(Task brief) Pictures are not repeated. Every line from the beginning of the entries through the one with "Sailor Collar Contrast Thin Knitted Tank" is restated exactly.

(Scraped caption text data)
○ ○ ○ ○

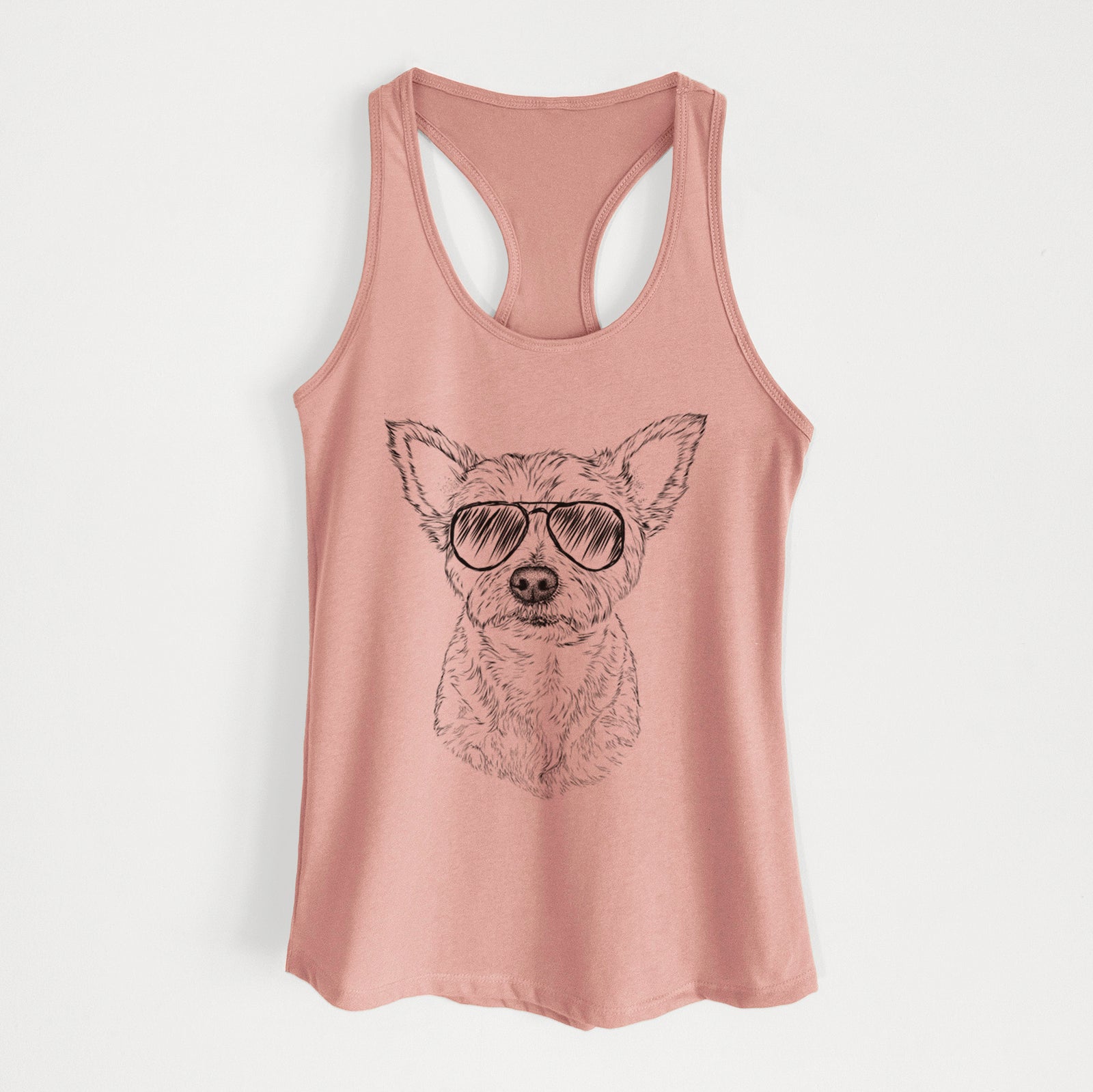 Hand-drawn sketch of Mango the Yorker Cairn Terrier Mix wearing aviator sunglasses on a Desert Pink Women's racerback tanktop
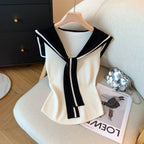Sailor Collar Contrast Thin Knitted Tank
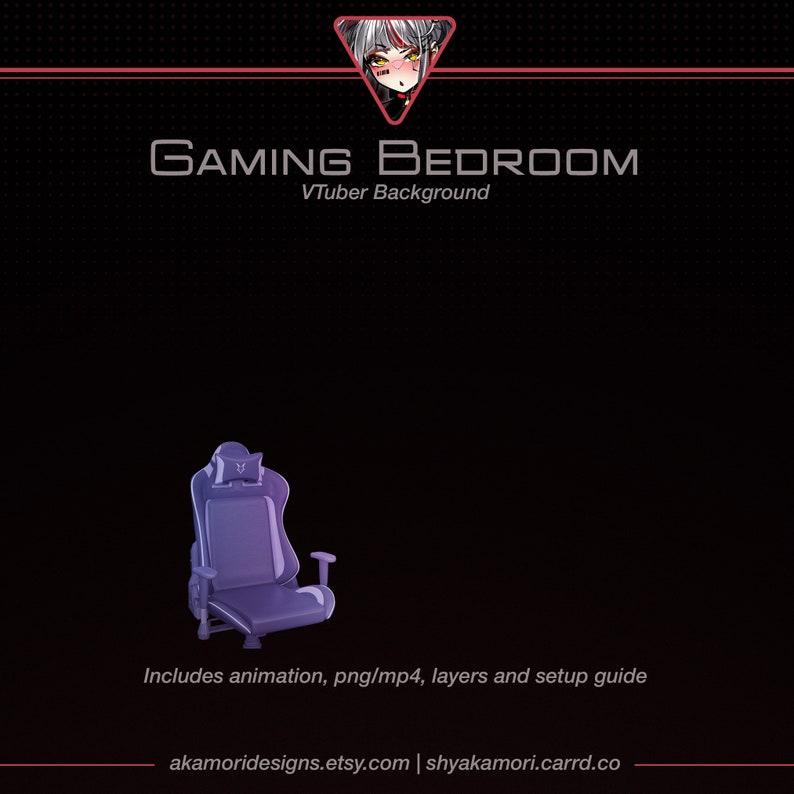 May include: A purple gaming chair with a white logo and a black headrest. The chair is on a black background with the text "GAMING BEDROOM VTuber Background" above it. The text "Includes animation, png/mp4, layers and setup guide" is below the chair. The text "akamoridesigns.etsy.com | shyakamori.carrd.co" is at the bottom of the image.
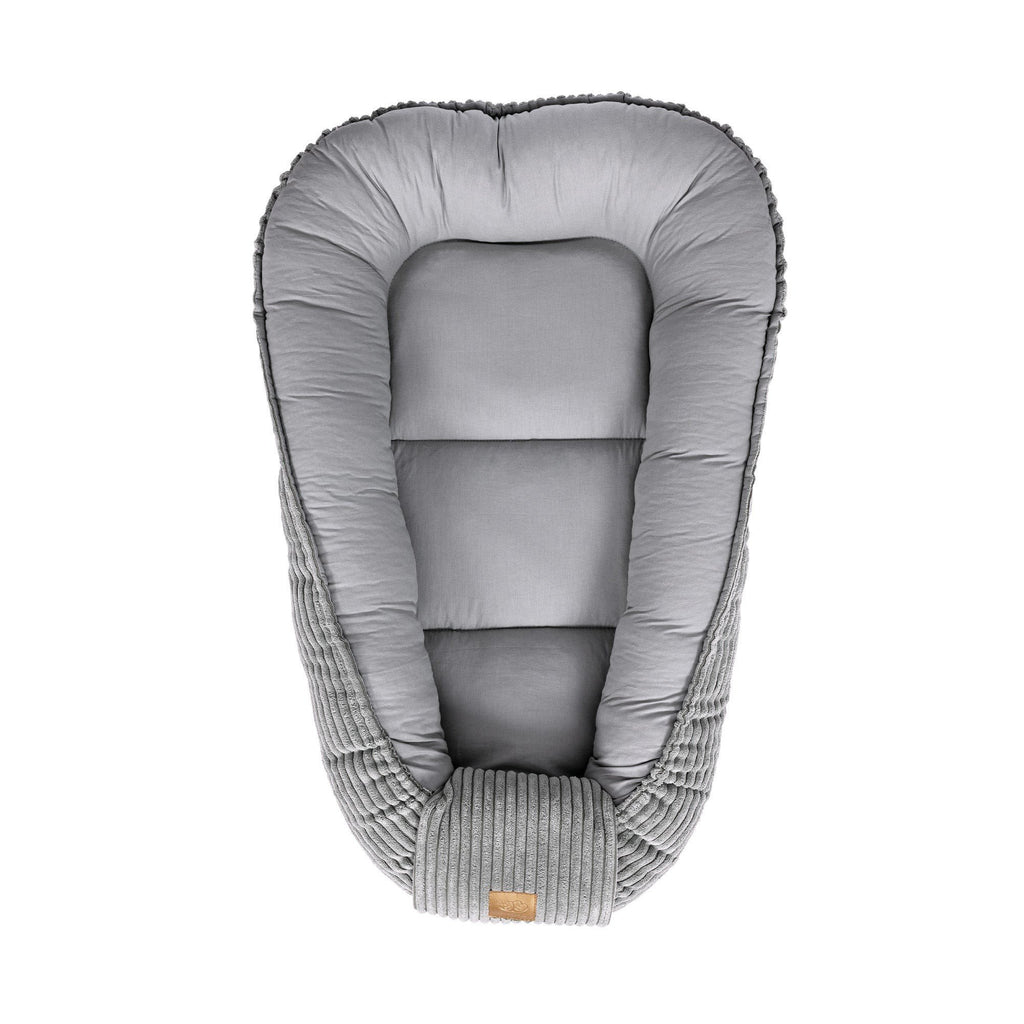 7. Grey MeowBaby baby nest with ribbed fabric and cushioned sides, shown from top
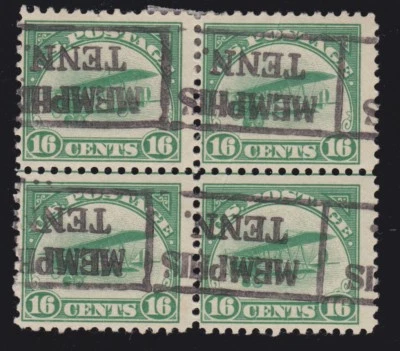 US C2 16c Air Mail Used Block of 4 w FULL OG / Memphis, Tenn. Roller Pre-Cancel? - Image 1 of 2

○ ○ ○ ○

(Result of the exercise)
 Hand-drawn sketch of Mango the Yorker Cairn Terrier Mix wearing aviator sunglasses on a Desert Pink Women's racerback tanktop
Sailor Collar Contrast Thin Knitted Tank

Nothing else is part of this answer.